"""

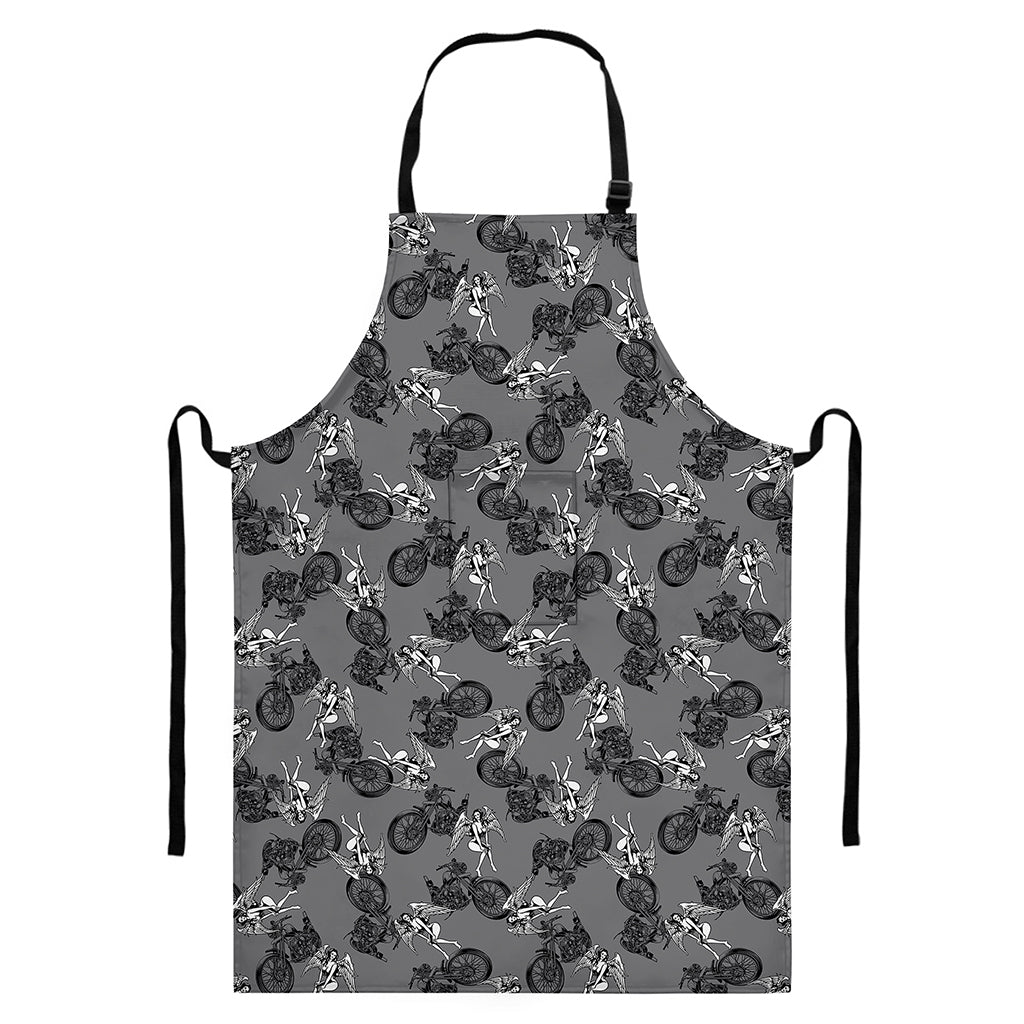 Motorcycle And Angel Pattern Print Bib Apron With Pocket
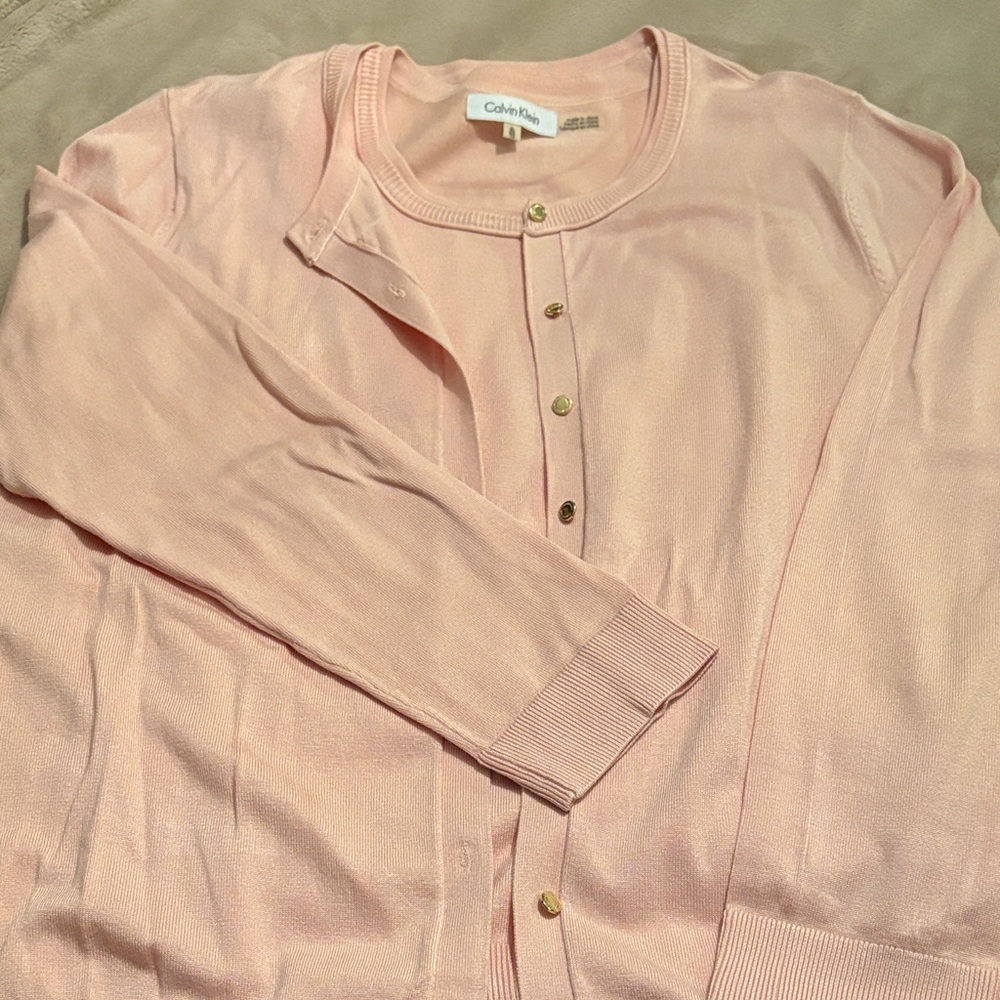 Calvin Klein Soft Pink Button-Up Sweater and Sleeveless Shell Set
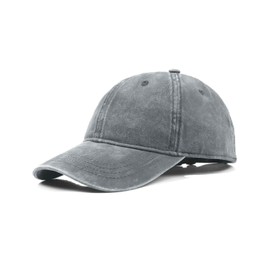 Zylioo Large Washed Baseball Cap,Big Size Solid Color Golf Cap,Adjustable Low Profile Sports Cap for Big Heads Gray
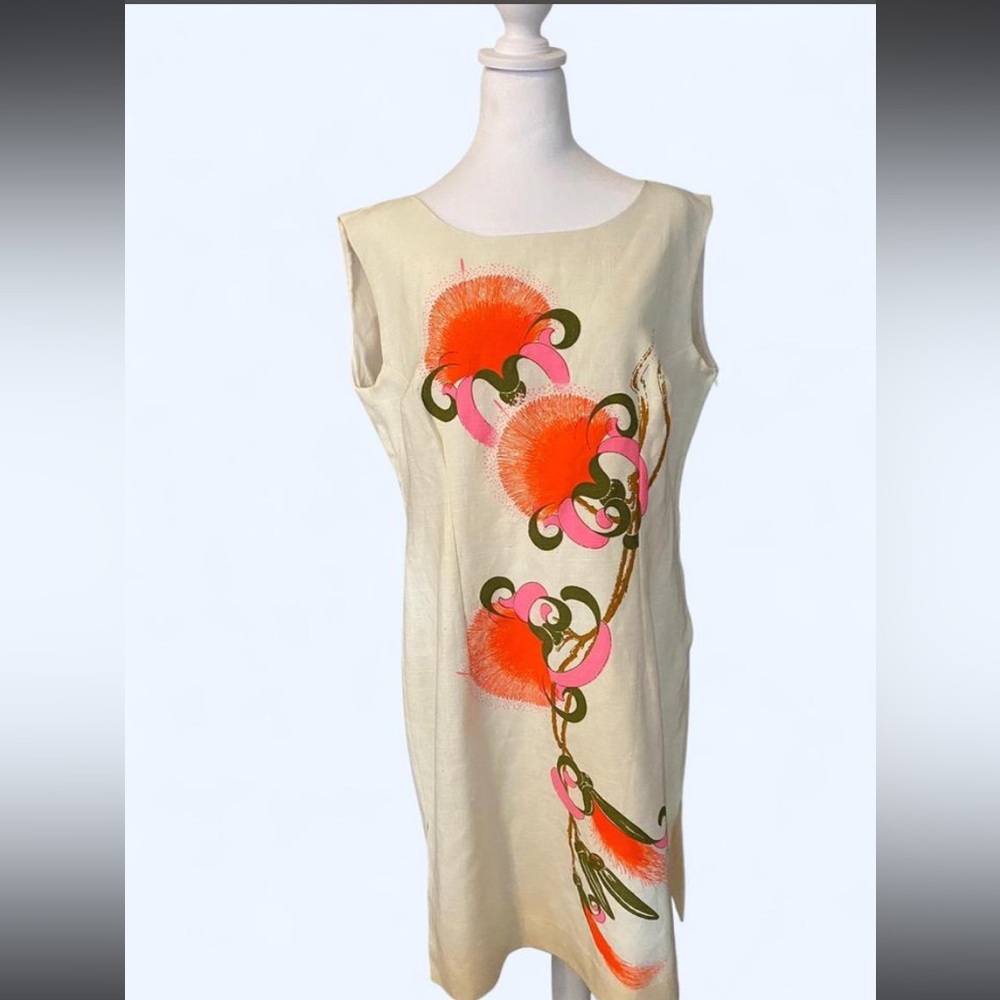 One of a kind hand painted Sleeveless Dress with Orange and pink floral design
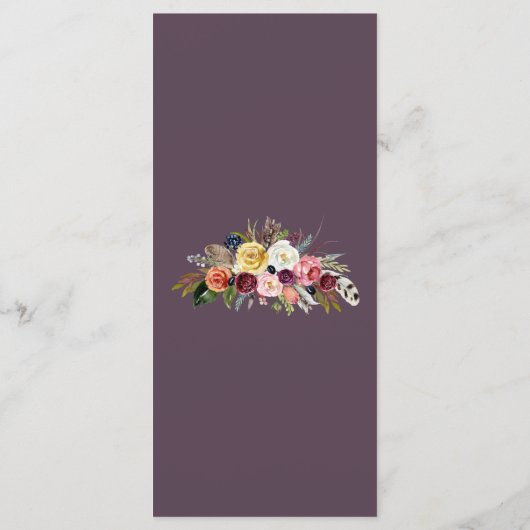 Menu Boho Gold Dîner Floral Tropical (Dos)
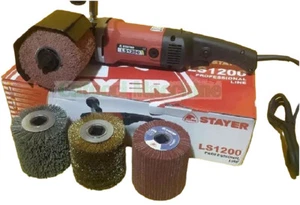 STAYER LS1200B + 4 RULLI IN FILI DI ACCIAIO + NYLON SATINATRICE RUSTICATRICE - Foto 1 di 2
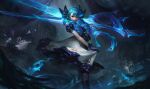  1girl absurdres ahoge blue_eyes blue_hair dress gwen_(league_of_legends) highres holding holding_scissors league_of_legends long_hair scissors twin_drills twintails 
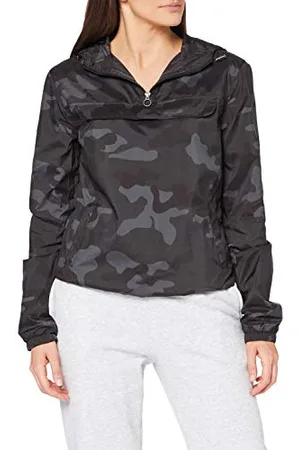 Urban classics Pull Over Windbreaker Camo Muste Giacca a Vento da Donna, (Mimetico Scuro), S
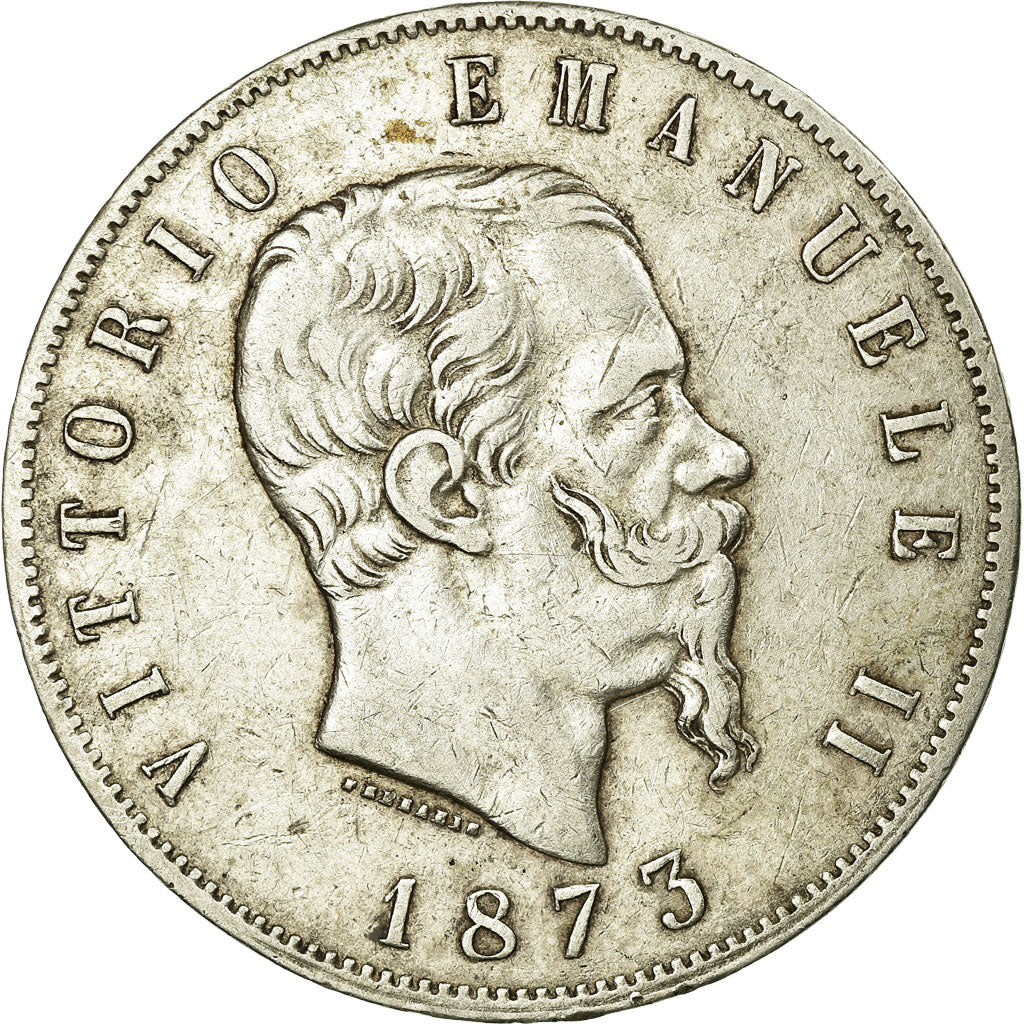 Moeda, Itália, Vittorio Emanuele II, 5 Lire, 1873, Milan, EF(40-45), Prata
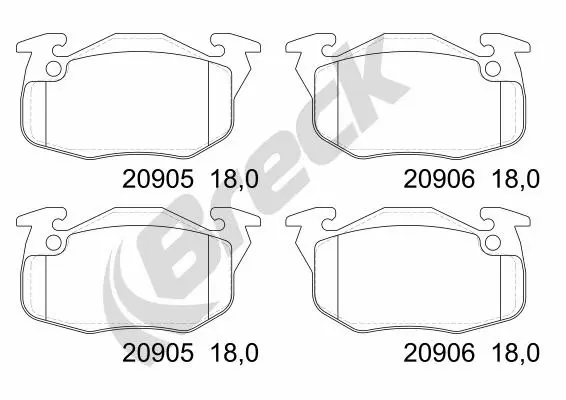 Brake Pad Set, disc brake (20906 00 702 00)
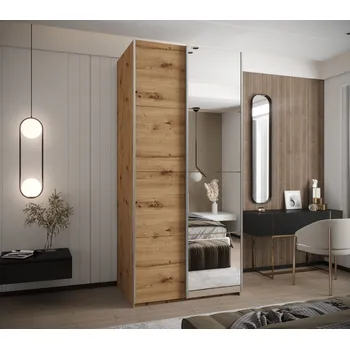 Šatní skříň Dvoudveřová skříň SAMARA 3 - 120 cm, dub artisan / stříbrná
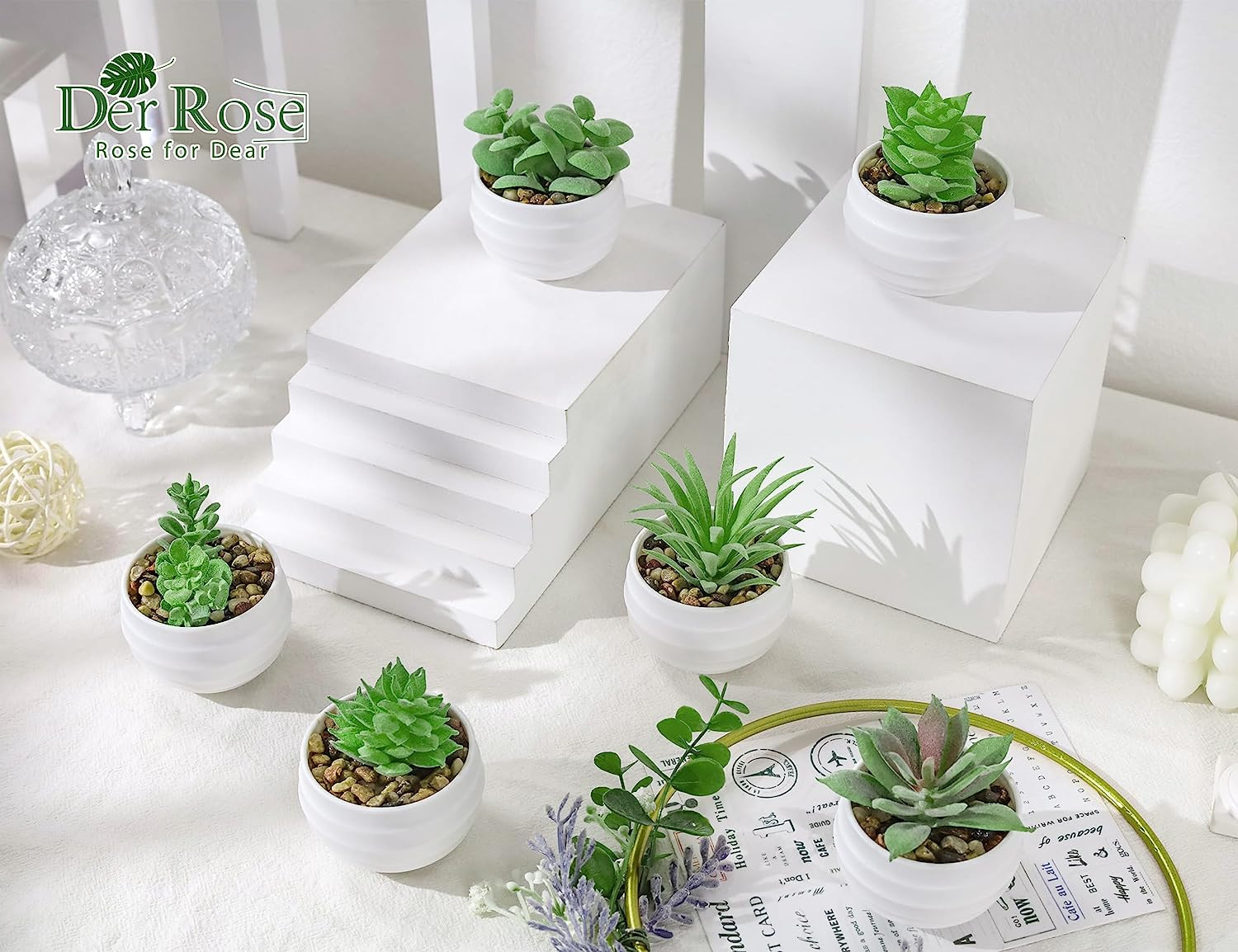 Set of 6 Succulents Plants Artificial in Pots Small Fake Plants for Bedroom Aest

"""

▶ [TASK PROMPT]: Reproduce the material above in full, images excluded.

▶ [ANSWER SPACE]:
 Motorcycle And Angel Pattern Print Bib Apron With Pocket
 Calvin Klein Soft Pink Button-Up Sweater and Sleeveless Shell Set
 Zylioo Large Washed Baseball Cap,Big Size Solid Color Golf Cap,Adjustable Low Profile Sports Cap for Big Heads Gray
 One of a kind hand painted Sleeveless Dress with Orange and pink floral design
 Menu Boho Gold Dîner Floral Tropical (Dos)
 STAYER LS1200B + 4 RULLI IN FILI DI ACCIAIO + NYLON SATINATRICE RUSTICATRICE - Foto 1 di 2
  1girl absurdres ahoge blue_eyes blue_hair dress gwen_(league_of_legends) highres holding holding_scissors league_of_legends long_hair scissors twin_drills twintails 
 Urban classics Pull Over Windbreaker Camo Muste Giacca a Vento da Donna, (Mimetico Scuro), S
 Moeda, Itália, Vittorio Emanuele II, 5 Lire, 1873, Milan, EF(40-45), Prata
 Brake Pad Set, disc brake (20906 00 702 00)
 Šatní skříň Dvoudveřová skříň SAMARA 3 - 120 cm, dub artisan / stříbrná
 Set of 6 Succulents Plants Artificial in Pots Small Fake Plants for Bedroom Aest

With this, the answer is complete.